§ EXERCISE GOAL:
How many lines in the data that follows contain the word "Leather"? Only that number is needed.

Data items:
────

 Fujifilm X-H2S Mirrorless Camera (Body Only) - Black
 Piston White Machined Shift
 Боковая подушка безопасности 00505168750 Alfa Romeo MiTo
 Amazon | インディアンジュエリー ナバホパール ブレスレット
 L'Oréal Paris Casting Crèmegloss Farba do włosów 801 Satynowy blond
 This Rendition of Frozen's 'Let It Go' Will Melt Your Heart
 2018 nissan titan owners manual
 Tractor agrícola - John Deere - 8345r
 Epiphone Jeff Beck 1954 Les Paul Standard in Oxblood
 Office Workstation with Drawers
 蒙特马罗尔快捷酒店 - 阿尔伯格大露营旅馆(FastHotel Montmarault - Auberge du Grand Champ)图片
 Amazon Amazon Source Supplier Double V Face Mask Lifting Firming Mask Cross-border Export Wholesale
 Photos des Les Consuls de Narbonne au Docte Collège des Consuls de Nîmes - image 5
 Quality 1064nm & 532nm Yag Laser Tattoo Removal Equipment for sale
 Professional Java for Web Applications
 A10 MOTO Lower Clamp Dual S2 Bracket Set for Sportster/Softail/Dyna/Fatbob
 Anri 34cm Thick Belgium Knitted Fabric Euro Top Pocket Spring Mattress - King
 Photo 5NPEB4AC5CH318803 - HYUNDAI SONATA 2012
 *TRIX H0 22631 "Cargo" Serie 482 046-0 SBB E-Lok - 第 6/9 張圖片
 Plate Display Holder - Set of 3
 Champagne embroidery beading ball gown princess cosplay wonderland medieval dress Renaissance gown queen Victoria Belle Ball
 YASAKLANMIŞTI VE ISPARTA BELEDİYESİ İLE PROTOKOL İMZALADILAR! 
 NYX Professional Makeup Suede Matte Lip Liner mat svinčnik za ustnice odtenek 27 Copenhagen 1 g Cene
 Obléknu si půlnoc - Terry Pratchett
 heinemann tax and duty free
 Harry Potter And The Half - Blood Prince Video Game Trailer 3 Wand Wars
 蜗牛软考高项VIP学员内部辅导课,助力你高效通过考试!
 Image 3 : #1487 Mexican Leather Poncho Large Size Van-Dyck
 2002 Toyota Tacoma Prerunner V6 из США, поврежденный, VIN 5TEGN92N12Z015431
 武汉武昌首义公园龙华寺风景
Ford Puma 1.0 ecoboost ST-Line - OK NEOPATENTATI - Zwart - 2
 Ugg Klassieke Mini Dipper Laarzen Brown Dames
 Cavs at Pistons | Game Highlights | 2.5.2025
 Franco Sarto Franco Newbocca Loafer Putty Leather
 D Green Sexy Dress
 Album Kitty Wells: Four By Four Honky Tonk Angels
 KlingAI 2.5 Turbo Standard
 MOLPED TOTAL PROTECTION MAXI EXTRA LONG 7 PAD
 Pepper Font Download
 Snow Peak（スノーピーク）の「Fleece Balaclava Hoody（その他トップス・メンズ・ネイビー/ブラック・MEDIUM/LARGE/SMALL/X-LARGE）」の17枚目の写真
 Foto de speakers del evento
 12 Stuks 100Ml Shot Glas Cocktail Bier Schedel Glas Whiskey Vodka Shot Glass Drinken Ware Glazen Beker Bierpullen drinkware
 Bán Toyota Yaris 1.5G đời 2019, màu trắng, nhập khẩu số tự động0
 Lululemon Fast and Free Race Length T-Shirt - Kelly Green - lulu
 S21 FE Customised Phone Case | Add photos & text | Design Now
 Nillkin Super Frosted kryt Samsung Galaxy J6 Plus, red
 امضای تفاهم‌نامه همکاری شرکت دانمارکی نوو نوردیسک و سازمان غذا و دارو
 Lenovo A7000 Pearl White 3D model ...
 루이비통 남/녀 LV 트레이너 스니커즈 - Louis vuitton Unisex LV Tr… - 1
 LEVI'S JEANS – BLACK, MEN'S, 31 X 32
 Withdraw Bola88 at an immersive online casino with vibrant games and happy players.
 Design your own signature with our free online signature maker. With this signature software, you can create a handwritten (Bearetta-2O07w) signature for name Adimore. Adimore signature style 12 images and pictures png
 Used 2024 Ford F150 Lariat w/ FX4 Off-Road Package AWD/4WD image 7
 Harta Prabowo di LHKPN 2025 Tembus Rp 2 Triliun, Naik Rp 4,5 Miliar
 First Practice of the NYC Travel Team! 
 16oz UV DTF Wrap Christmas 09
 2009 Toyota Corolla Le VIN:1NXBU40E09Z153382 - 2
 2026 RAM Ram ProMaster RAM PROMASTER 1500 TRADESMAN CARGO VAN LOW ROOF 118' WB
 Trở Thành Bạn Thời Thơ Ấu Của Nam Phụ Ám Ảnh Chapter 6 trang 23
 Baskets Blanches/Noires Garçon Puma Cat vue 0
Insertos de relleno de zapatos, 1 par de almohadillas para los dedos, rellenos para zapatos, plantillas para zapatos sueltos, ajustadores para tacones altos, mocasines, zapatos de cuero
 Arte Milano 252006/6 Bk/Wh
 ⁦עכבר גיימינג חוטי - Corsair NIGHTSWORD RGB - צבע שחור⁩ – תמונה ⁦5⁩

────

§ RESPONSE FOR THIS EXERCISE:
2